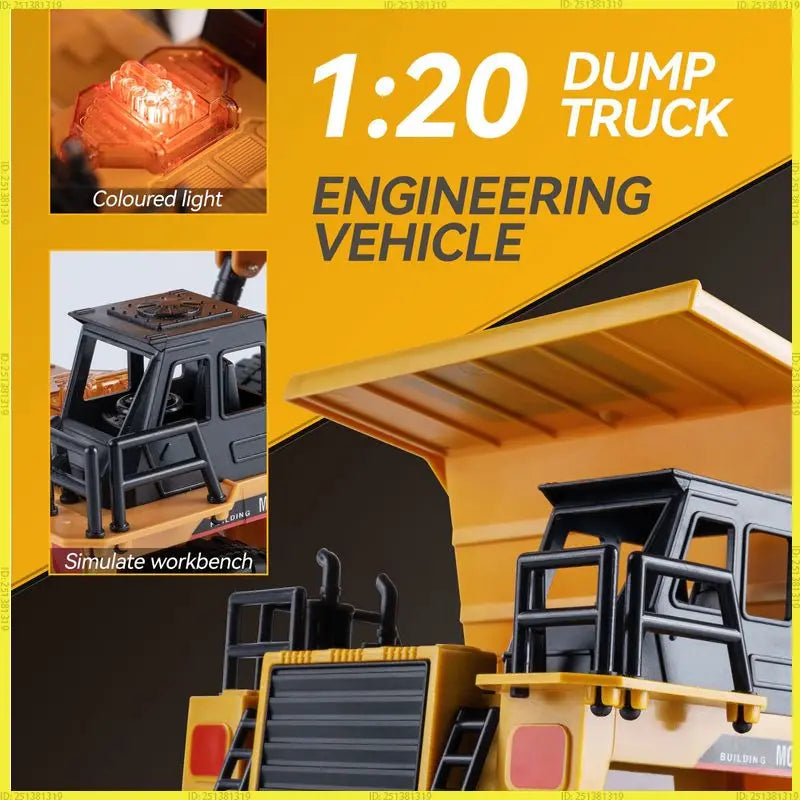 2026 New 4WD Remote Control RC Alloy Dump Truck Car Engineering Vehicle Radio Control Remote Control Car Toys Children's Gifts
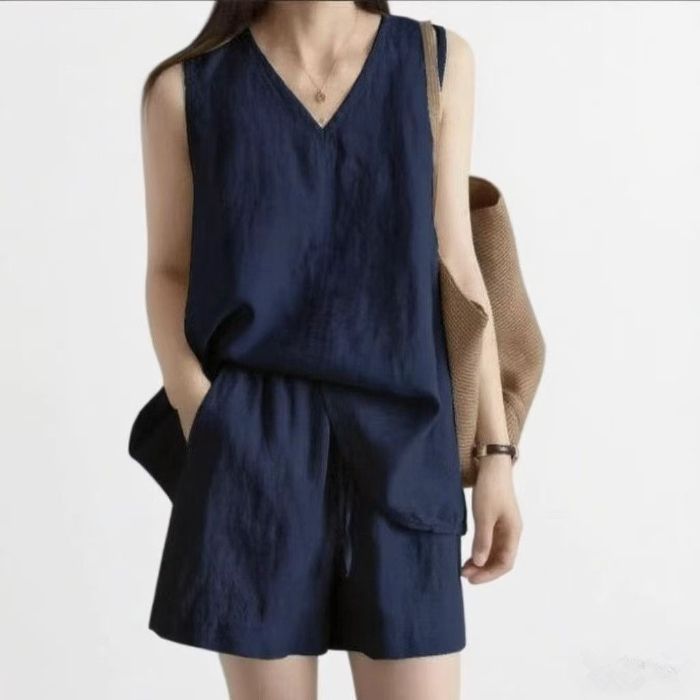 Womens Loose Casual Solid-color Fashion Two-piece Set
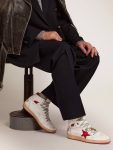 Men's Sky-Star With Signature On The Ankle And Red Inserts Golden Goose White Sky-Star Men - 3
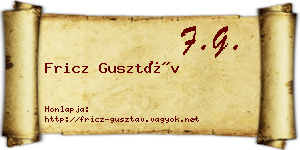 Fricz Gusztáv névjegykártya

**To do**
Would you transcribe all of the data exactly, apart from its pictures?

**Final answer**
 2026 New 4WD Remote Control RC Alloy Dump Truck Car Engineering Vehicle Radio Control Remote Control Car Toys Children's Gifts
 Womens Loose Casual Solid-color Fashion Two-piece Set
 Men's Sky-Star With Signature On The Ankle And Red Inserts Golden Goose White Sky-Star Men - 3
 Fricz Gusztáv névjegykártya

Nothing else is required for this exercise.